I have always liked "strange" names. My family was absolutely convinced I would name my first daughter Topanga after the girl on Boy Meets World. (I didn't!)

For some reason I kept coming back to Ali. I had no idea why, I had never really liked the name. Not even sure how it ended up on my list in the first place.

It was too simple, boring for me. But I just kept coming back to it. Trying many variations of it.... AliAnna, AliAnne, Ali Grace, I think I must have come up with hundreds of names.

Nothing clicked or sounded right. It seemed like the impossible task, trying to come up with something that was "different" enough for me but not too weird for everyone else.

Then I remembered a girl I had known named Alisha. I loved the spelling that way. As soon as I wrote out Alisha I knew that was her name. Maybe not real weird or unique... but for some reason I simply knew that was her name.

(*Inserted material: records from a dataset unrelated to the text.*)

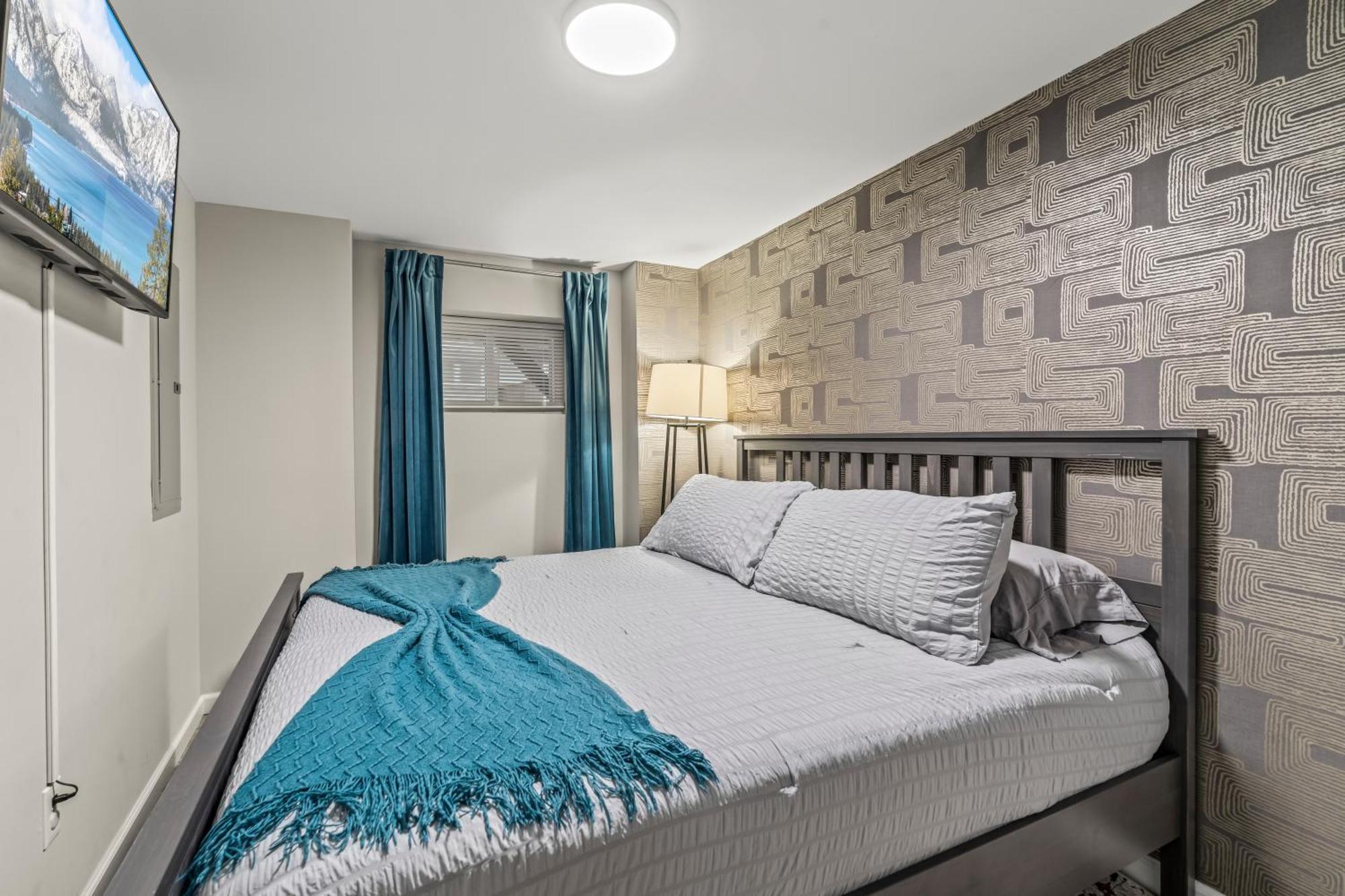 Uptown Gem! A Family Home Free Early Check-In! Philadelphia Exteriör bild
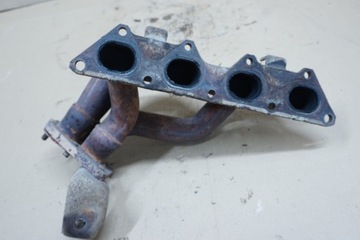 фото thumb №8, Pajero pinin колектор випускний 2,0 gdi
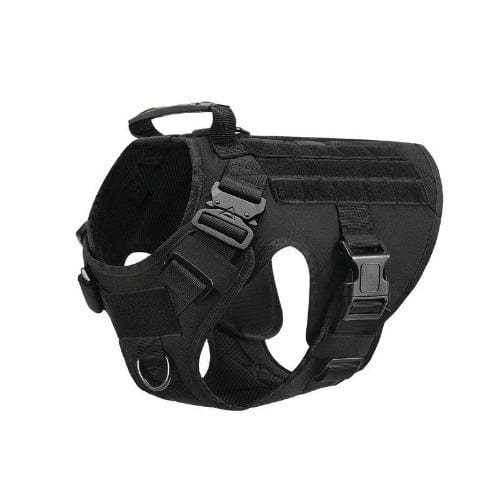 Defender Durable Tactical Dog Harness - Image 7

We had already decided on Heidi to name her after her Paternal Aunt. Her Dad's first word was Heidi and it was important to us to name Ali after her Aunt Heidi. Also ironic, is that Heidi works with kids with special needs as a physical therapist. We obviously didn't know about Ali's DS when we named her, so we didn't know either about the bond she and her Aunt Heidi would have.

We also chose Marie after her Paternal Grandmother. This would be the first Granddaughter she would get to watch grow up. It was important to us to use her name. 

I also wanted to name Ali after my best friend and biggest supporter during the pregnancy. Fortunately for Ali, Erica's middle name was also Marie. So instead of adding Erica to the already long name... Marie covered it for us. Erica is on the list for future kids though since I like the name and Erica has continued to be my best friend through everything.

I ended up compromising on the spelling of Alisha later on. We changed it to Alicia, to be similar to Alice. That way we were also naming her after two of her Great Grandmothers. One of them had passed away shortly before I found out I was pregnant with Ali. We felt from the beginning that she had something to do with this child. The other is now the Great Grandmother that Ali is closest to.

 We had managed to name her after 5 people with just 3 names. We thought we had done pretty good. 

So, Alicia Heidi Marie it was.

We call her Ali.

After she was born with Down syndrome many family members found her name ironic.

Alicia means Sweet.

Heidi means Noble and Kind.

Marie means The Perfect One.

We couldn't have picked a better meaning for her name even if we had waited till after she was born. It was perfect.

Sweet, kind and perfect. Yep, that's my little girl.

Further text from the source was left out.